PETERS: A word of support for climate science

Dec 14, 2018 | 11:30 AM

IS THERE ANYTHING MORE IRRITATING on a cold day than the wind throwing knives into your face as you walk outside? 

Yes there is, actually. 

It’s the people who sneer, “What happened to global warming?!” 

They say this as if a single cold day disproves the entire field of climate science. 

What these naysayers are of course confusing are the concepts of weather and climate. 

While weather is what is happening outside on a particular day, climate is what happens outside over the course of years and decades and centuries. 

It is rarely helpful to simply observe the weather on a given day when studying climate. 

Instead, scientists observe weather readings over long periods of time and point out trends. 

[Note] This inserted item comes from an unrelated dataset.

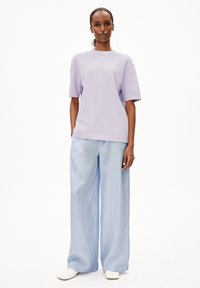 ARMEDANGELS TARJAA - T-Shirt basic - soft lilac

This is not a difficult concept to either grasp or explain, which is why climate scientists must get so frustrated to hear ideologues regurgitate those old tropes about global warming on a cold day. 

If one homeless person gets a home in one community, that doesn’t mean there is no nationwide homelessness crisis. 

Likewise, if one day is cold in Kamloops, that doesn’t negate the fact that the planet as a whole is warming up. 

Today in Kamloops, it is not cold. It is in fact, quite mild, with a temperature well above the normal daytime high. 

It has been mild for weeks now, and on December 14, we have barely any snow on the ground. 

Just as a few cold days can’t be used to disprove climate change, neither can a few warm days be used to prove it. 

The problem with some not believing in climate change, though, is not that people confuse weather and climate. 

It’s that there are people who have been convinced to distrust climate science all together, and people who have been convinced that scientists are trying to push a liberal agenda. 

If we are to believe climate scientists who say the climate is changing, and suggest human activity might be exacerbating those changes, we might have to change our beliefs and our behaviour. 

And that’s hard. 

Almost as hard as predicting the weather.